Le discours du maitre est le premier dans l'ordre d'apparition des discours : le maître ici n'est pas celui qui enseigne mais celui qui édicte la loi de ce qui est. Cette loi (historiquement elle vient avec la Révélation juive, et rend possible la philosophie) n'est pas d'abord rapportée à l'Autre absolu vrai (divin), mais à un Autre absolu faux, l'idole païenne dont le maître se fait le représentant (il faudra l'Histoire et d'autres événements "cruciaux" pour qu'advienne le règne de l'Autre absolu vrai). L'ordre social qui en découle ne peut être qu'injuste mais la loi du maitre parvient à s'imposer à l'aune d'une rationalité dogmatique (creuse, mais ayant réponse à tout) suffisamment déployée pour faire illusion. Cela, face à l'esclave qui, de son côté, se laisse fasciner par le maître et ne peut s'affranchir de l'illusion du tout-social, ni donc revendiquer son individualité. Le maître est celui qui, initialement, s'est affranchi justement de ce fantasme, et qui, renonçant à la jouissance, a osé affronter la mort. Il reste à l'esclave de travailler pour le maître, avec pour seul privilège d'accéder à quelque savoir technique, tandis qu'il se fait lui-même objet-déchet - mais un objet de plus en plus nécessaire de sorte que se reconstitue le fantasme du maître, sujet devenant dépendant de son objet. De là à imaginer, comme le développe Hegel, que l'expertise acquise par l'esclave pourra suffire à renverser le maître, on sait que ce raccourci est vivement critiqué par Marx : aucun changement profond n'est matériellement possible dans le cadre de ce dispositif de domination tant que l'esclave est spolié de la plue-value de son travail. Il n'en aurait pas la force, une révolution serait nécessaire, donc un changement structurel de discours. Lacan répond à Hegel que le maître n'est pas seul à se vautrer dans la jouissance de l'objet, une part du plus-de-jouir revient bien à l'esclave (sinon il ne serait pas maintenu "esclave" aussi bien d'un "idéal" de la consommation), et il répond à Marx que justement l'esclave s'enchaîne de lui-même à la jouissance d'objet, refusant à nouveau le travail sur soi de renonciation nécessaire à une vraie émancipation, et que dans ces conditions - révolution ou pas - il serait abusif de parler d'un quelconque "progrès".

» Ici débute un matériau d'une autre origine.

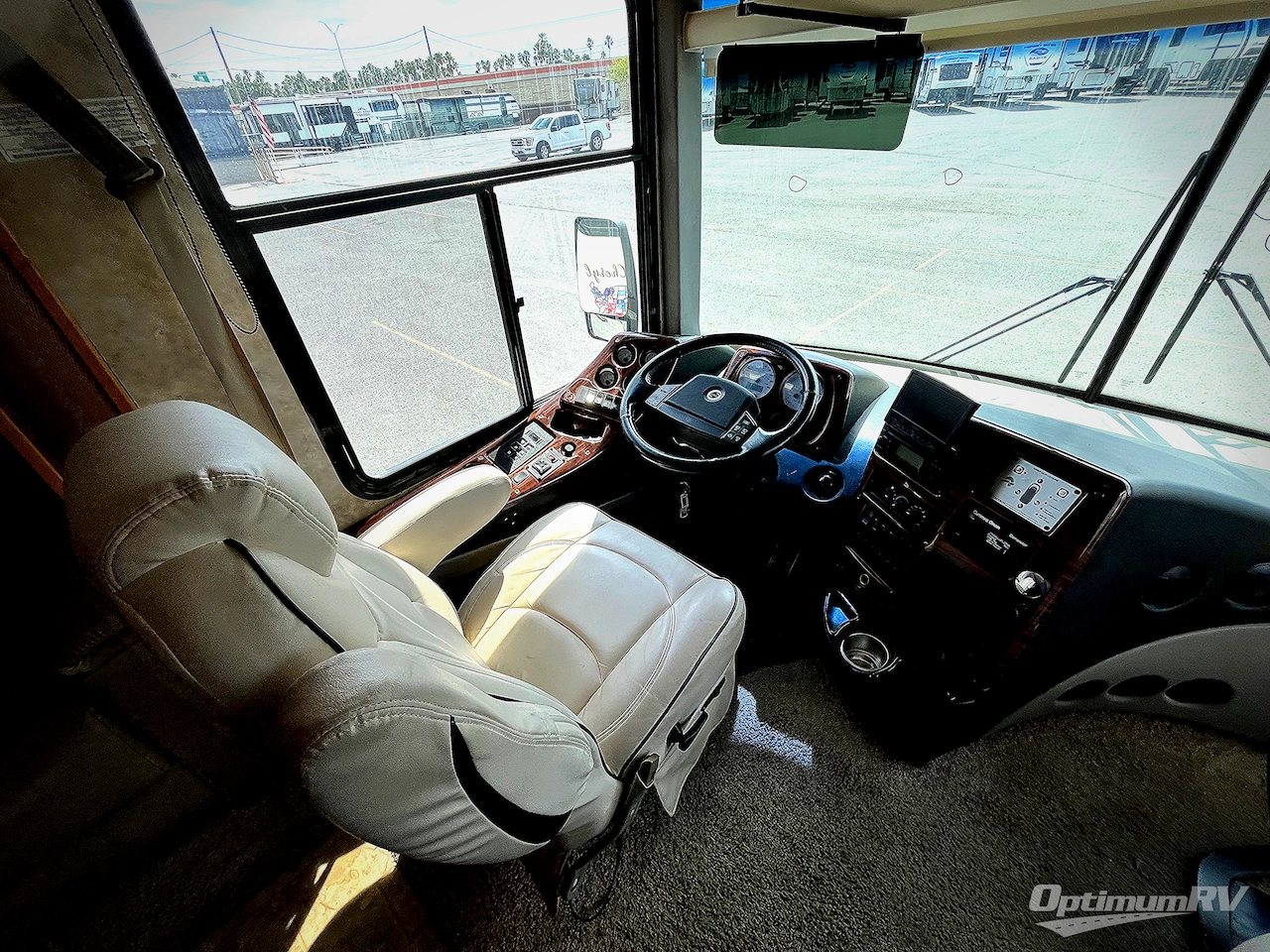 2008 Gulf Stream Crescendo 8356 Photo 6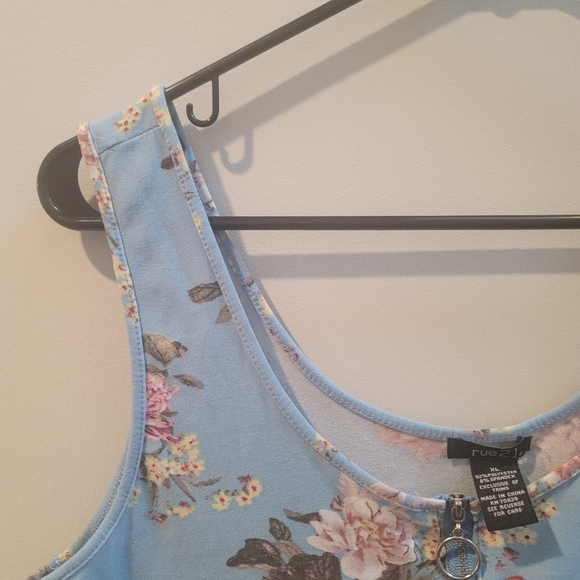 Rue 21 womens crop top floral zip close XL - Picture 3 of 11
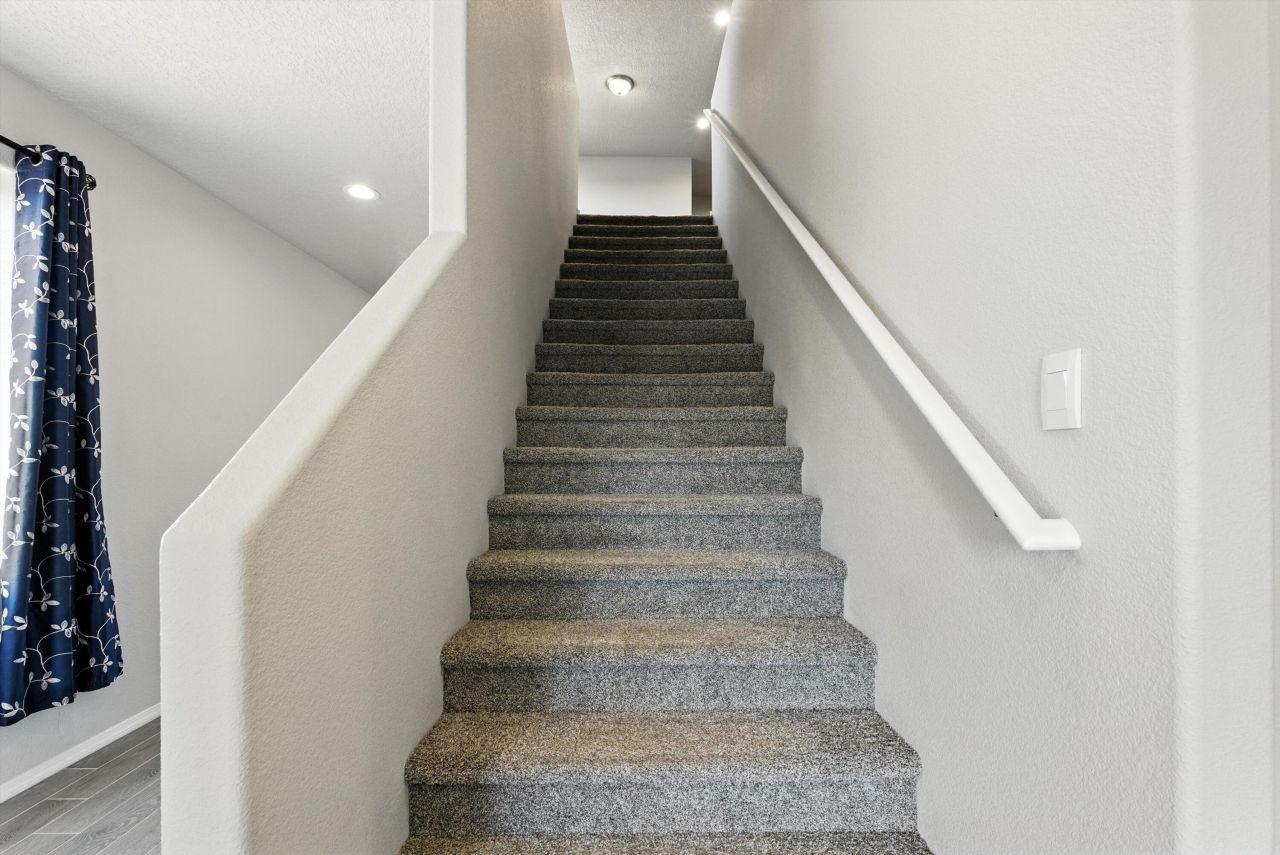 Rio Rancho, New Mexico, 87124, United States, 4 Bedrooms Bedrooms, ,3 BathroomsBathrooms,Residential,For Sale,1868349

"Le discours apparaît dans le monde social – et c’est là qu’il a sa réalité matérielle – comme réponse à la question qui se pose aux hommes quant à ce qu’ils ont à être. Et cette réponse consiste d’abord à énoncer la loi qui organise ce monde. Une loi qui est initialement celle de l’Autre absolu faux, de l’idole, mais qui n’est pas définitivement celle-là, et pourra devenir celle de l’Autre absolu vrai, du vrai Dieu. Ambiant dans le monde social, ce primordial discours peut être déployé expressément comme tel, comme raison et donc savoir rationnel. Il justifie ce qui est. Mais ce qui est est d’abord inévitablement injuste, parce que l’effet de ce discours sur son autre, sur celui auquel il s’adresse, est alors non pas de l’aider à se conformer à la loi énoncée, mais de le vouer à la fascination devant cette raison et de le soumettre à l’arbitraire éventuel de celui qui tient le discours... Celui qui tient ce primordial discours suscite en son autre la toujours présente, toujours prête à surgir à nouveau soumission fascinatoire devant le tout social, devant l’idole selon la loi de laquelle le tout est ordonné et devant le maître qui incarne cette idole – non pas maître qui enseigne, mais maître qui domine. Soumission fascinatoire dont on peut dire qu’elle est libre, mais d’une liberté qui se perd – c’est là une des formes de la pulsion de mort – et qui ne peut plus se recouvrer par soi, il y faudra l’Autre."